Ensuite, fête chez Arnaud et Sophie au Pont, où j’ai emmené Chepe également, je me suis dit qu’il me connaissait assez pour que je puisse l’emmener à des soirées sans qu’il s’y emmerde (je crois ne pas m’être trompé de trop). Retrouvé toute notre clique vernaculaire, avec à notre arrivée, une ribambelle d’enfants entre un et deux ans, qui couraient partout. J’ai revu les photos des dîners de nos parents lorsqu’on était bébés Joris et moi ; un monde où je ne pensais pas me retrouver de sitôt — et en un sens, je n’y suis pas en effet : mais je veux dire par là que ça fait justement une impression un peu désagréable — dévalorisante — de ne pas y être moi aussi. Ensuite, bu un nombre incalculable de verres de vins différents, parlé du Kosovo avec Xavier de mon côté, comme au bon vieux temps. Mais beaucoup restés entre mecs, défaut autant substantiel que circonstantiel : puisqu’on n’a pas osé fumer à l’intérieur (sauf moi à la fin, lorsqu’il n’est plus resté, vers quatre heures, que Joris et moi et nos deux hôtes), on s’est tous agglutinés contre la porte-fenêtre dehors, et nous n’étions presque que des garçons à fumer.

 Un bon moment, mais j’aurais bien aimé parler avec plus de mes amis ; j’ai eu l’impression de ne faire que les survoler tous.

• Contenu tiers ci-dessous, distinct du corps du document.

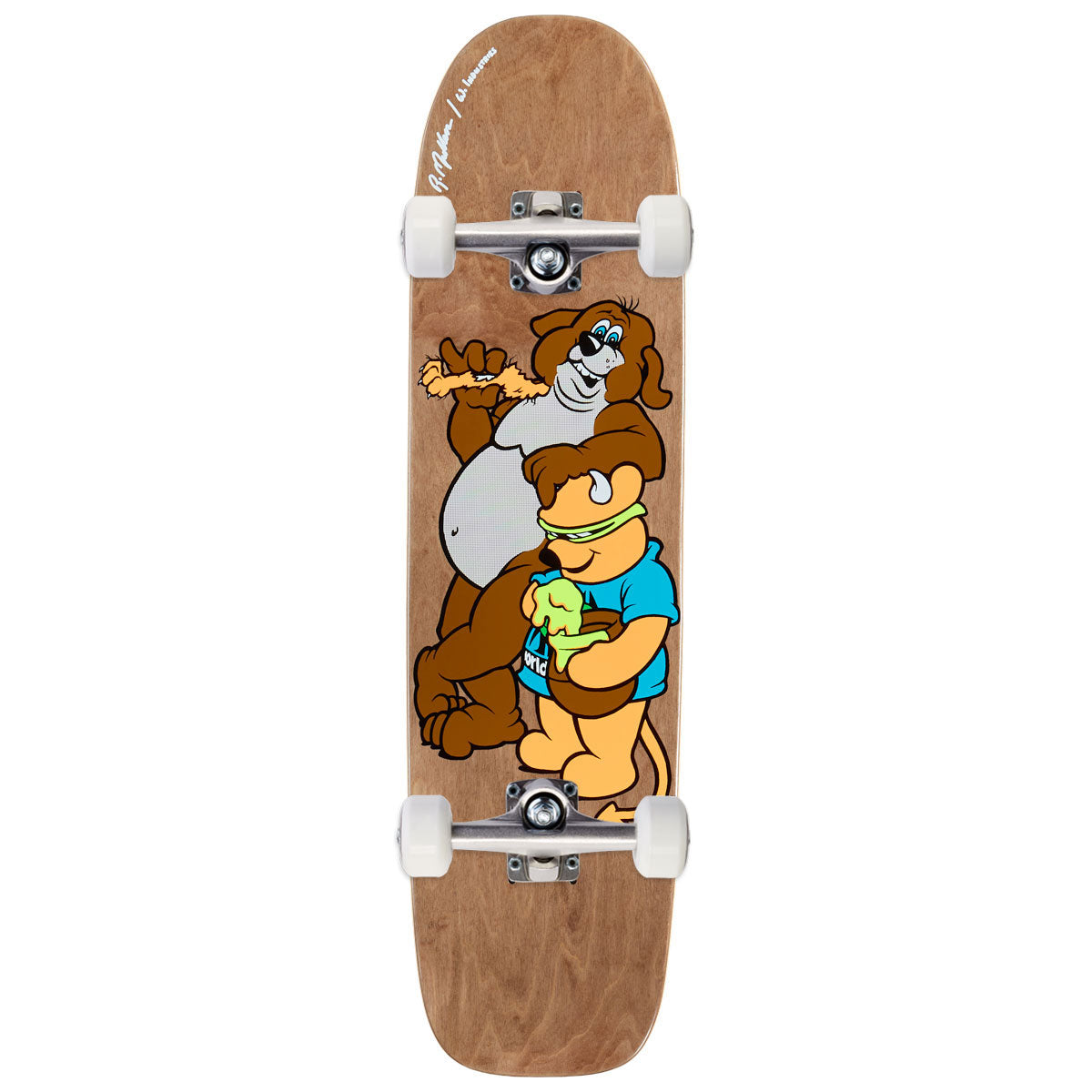 World Industries Rodney Mullen Bear Skateboard Complete - 7.375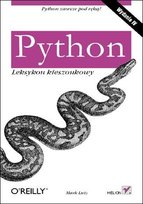 Python. Leksykon kieszonkowy - ebook epub Lutz Mark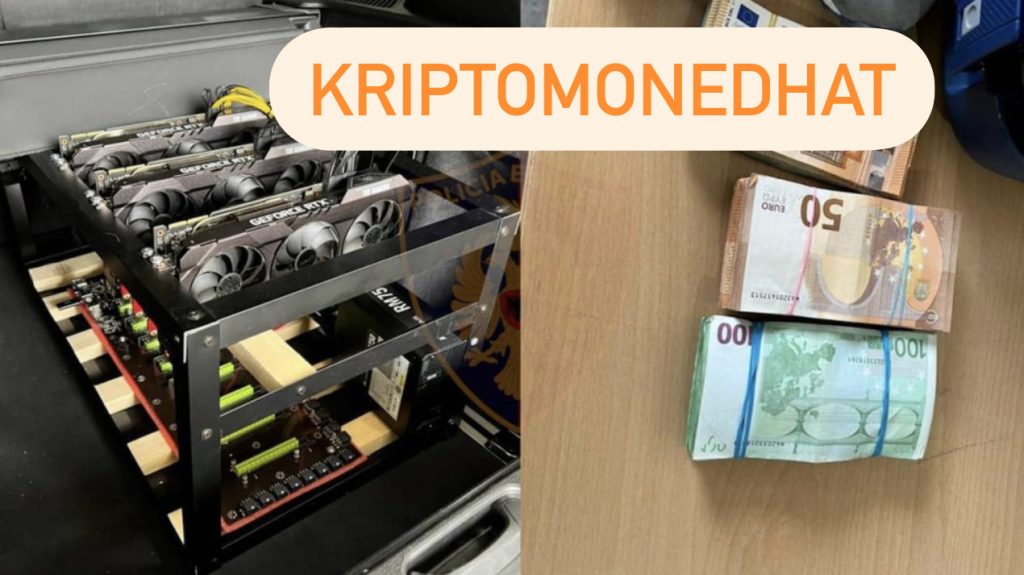 Kontrollohej nga Tirana, si prodhoheshin kriptomonedhat në magazinën me qira në Shijak
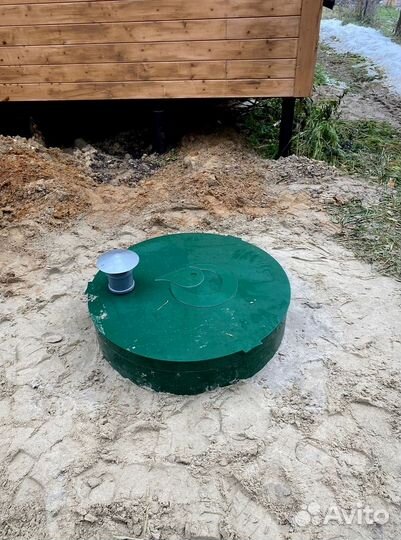 Септик для дома 6 человек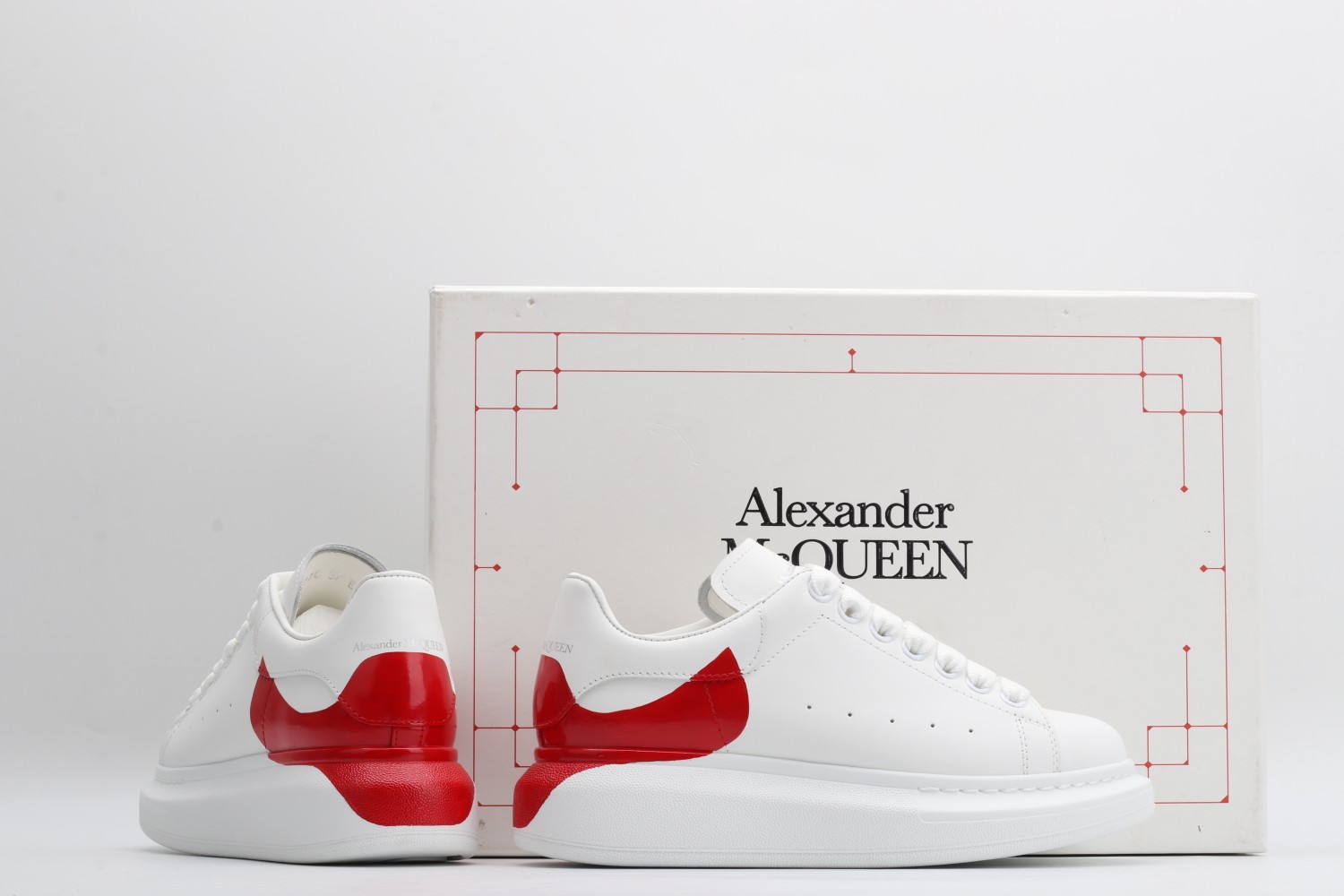 Men Women A*lexander M*cqueen Top Sneaker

Dimanche, les enfants Kovács à la maison, István et sa copine, ainsi qu’Anna, venue tout exprès de Marseille, où elle est au pair cette année. Elle est devenue bien jolie. Mais nous étions claqués (Joris et moi ; Mady, elle, faisait la tête, à cause de cette histoire qui n’en finit pas de finir avec Baptiste — mal, bien sûr), et on n’a malheureusement peut-être pas grand-chose à se dire. Ils nous trouvent plus délurés qu’eux, d’après ce qui m’a été rapporté ; je doute qu’ils aient raison, pour moi du moins, puisque je connais bien ma pusillanimité pathologique ; mais il est clair qu’on évolue dans des mondes différents, et que malgré leurs voyages, leur maîtrise confondante de notre langue (ouverture que peu de Hongrois ont eu, qui doivent végéter dans un pays à l’économie sinistrée par la mainmise du capitalisme sur les ruines du système socialiste), ils ont un air un peu coincé ; trop « classique » sans doute.